_INPUT MATERIAL_:
"""

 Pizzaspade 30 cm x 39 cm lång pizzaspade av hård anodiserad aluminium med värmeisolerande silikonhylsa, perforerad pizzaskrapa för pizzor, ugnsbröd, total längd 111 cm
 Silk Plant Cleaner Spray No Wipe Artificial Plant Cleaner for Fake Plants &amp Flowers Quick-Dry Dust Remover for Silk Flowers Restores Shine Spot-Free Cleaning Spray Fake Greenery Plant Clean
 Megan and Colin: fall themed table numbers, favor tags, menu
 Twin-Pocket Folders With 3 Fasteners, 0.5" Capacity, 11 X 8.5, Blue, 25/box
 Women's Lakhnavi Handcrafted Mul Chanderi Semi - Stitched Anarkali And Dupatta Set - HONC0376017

"""
"""

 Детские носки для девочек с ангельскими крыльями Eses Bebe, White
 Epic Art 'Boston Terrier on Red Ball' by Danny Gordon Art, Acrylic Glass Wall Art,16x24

"""

_EXERCISE DIRECTIONS_: Take from the material above the lines running from the one with "Pizzaspade 30 cm" through the one with "Twin-Pocket Folders With", and repeat them exactly, with nothing else.

_SOLUTION TO THIS TASK_:
 Pizzaspade 30 cm x 39 cm lång pizzaspade av hård anodiserad aluminium med värmeisolerande silikonhylsa, perforerad pizzaskrapa för pizzor, ugnsbröd, total längd 111 cm
 Silk Plant Cleaner Spray No Wipe Artificial Plant Cleaner for Fake Plants &amp Flowers Quick-Dry Dust Remover for Silk Flowers Restores Shine Spot-Free Cleaning Spray Fake Greenery Plant Clean
 Megan and Colin: fall themed table numbers, favor tags, menu
 Twin-Pocket Folders With 3 Fasteners, 0.5" Capacity, 11 X 8.5, Blue, 25/box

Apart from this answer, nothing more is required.